重文。
蘭溪道隆と無学祖元との中間に来朝し、鎌倉の禅風振興にあずかって力のあった大休正念が、円覚寺に住していた時期に何人かに送った書翰である。
無学祖元の示寂を痛惜し禅門の寂寥を案じたもので、それにともなう自らの孤愁をひしひしと言外に漂わせている。
それらの点からみて、年の記載はないが、無学の示寂から十三日目の弘安九年(1286)九月十五日に書かれたものと思われる。
この書翰のあて先の僧が誰であるかはわからない。
大体の受け取った書翰は、無学の示寂を悼み、大休を慰問するためによこしたものではなかろうか。
時に大休72歳、その書風は一段と枯淡さを増しているが、さすがは千鍛百錬した巨匠の筆、捉われない自ようか由さと撥剌とした生気が感ぜられる。
大休正念は温州永嘉郡に生まれ、幼少で出家し、はじめ景徳霊隠寺で東谷光に参じたが、のちに径山に住していた松源派の石溪心月に参じてその法を嗣ぎ、文永六年(1269)来朝した。

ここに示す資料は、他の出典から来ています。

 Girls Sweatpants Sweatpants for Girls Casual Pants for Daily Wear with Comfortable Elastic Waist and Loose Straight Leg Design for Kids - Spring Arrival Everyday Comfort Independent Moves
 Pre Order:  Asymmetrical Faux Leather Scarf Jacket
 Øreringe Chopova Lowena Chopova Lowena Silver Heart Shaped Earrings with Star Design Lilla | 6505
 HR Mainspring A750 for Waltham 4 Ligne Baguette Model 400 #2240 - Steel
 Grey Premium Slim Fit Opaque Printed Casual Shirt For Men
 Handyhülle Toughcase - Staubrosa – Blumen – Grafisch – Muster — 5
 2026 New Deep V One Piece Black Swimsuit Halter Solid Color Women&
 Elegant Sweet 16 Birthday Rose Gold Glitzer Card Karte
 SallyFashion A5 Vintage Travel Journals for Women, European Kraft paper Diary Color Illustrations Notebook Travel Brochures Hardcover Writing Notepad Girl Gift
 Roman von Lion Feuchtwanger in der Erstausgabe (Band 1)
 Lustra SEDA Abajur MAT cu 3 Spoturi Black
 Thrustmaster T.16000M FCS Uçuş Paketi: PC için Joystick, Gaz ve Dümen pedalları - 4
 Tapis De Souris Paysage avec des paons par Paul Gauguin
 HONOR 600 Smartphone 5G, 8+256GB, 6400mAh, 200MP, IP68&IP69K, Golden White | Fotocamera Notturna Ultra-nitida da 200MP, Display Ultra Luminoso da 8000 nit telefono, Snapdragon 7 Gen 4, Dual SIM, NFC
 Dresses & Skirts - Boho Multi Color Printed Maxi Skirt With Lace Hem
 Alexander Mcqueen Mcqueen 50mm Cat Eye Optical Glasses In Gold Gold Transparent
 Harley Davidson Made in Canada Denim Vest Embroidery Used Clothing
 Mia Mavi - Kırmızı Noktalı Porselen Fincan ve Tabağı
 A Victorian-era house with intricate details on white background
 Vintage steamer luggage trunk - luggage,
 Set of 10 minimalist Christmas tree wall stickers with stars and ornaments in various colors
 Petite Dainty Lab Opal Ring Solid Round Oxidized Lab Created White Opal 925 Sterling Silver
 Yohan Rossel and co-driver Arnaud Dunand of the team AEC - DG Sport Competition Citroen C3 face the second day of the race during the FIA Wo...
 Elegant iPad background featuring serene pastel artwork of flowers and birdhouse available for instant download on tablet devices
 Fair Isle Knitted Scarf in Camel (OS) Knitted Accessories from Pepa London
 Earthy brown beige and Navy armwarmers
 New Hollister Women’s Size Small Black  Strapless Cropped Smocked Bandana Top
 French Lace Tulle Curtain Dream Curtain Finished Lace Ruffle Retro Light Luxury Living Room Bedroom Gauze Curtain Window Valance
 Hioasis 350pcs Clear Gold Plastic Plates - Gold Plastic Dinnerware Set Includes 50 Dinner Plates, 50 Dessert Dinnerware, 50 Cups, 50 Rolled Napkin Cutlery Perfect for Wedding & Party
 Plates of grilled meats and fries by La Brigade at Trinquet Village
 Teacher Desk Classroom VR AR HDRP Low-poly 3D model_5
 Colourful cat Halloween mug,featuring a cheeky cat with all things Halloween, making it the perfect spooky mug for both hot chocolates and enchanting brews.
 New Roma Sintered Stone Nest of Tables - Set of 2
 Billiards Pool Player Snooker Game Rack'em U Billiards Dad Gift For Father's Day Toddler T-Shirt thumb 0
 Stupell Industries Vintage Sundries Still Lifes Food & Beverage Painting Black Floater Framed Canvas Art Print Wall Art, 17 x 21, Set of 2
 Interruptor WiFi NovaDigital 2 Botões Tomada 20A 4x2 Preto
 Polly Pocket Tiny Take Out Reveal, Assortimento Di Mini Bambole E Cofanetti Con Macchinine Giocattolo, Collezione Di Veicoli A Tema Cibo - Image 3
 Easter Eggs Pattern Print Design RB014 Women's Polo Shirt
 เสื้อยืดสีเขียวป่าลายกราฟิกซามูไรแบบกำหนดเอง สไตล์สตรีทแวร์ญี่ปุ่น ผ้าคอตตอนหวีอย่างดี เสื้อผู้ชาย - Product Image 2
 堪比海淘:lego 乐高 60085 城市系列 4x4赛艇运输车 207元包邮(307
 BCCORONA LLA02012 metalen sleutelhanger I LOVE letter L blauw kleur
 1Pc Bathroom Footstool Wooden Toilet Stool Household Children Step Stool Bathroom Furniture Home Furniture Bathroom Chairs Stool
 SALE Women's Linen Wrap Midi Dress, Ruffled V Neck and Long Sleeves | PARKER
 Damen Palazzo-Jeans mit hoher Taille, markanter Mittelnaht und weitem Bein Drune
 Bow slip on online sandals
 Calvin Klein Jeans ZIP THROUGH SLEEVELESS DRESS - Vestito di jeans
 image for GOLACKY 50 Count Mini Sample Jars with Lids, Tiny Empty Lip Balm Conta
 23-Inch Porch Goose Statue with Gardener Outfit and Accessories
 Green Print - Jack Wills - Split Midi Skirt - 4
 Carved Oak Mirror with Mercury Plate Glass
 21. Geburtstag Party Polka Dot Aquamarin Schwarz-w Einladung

同派の建長寺住持蘭溪道隆に迎えられて鎌倉に下り、北条時宗の帰依を受け、建長寺・寿福寺に住し、浄智寺の勧請開山となり、次いで円覚寺に移り、のち蔵六庵を創建して退居していたが、正応二年(1289)75歳で示寂し、仏源禅師と諡された。
その法嗣に嶮崖巧安がある。
大休の墨蹟としては他に「題無象静照遊天台石橋詩集」(五島美術館蔵)、「泰定居士に与えた法語」(蔵六庵蔵)がある。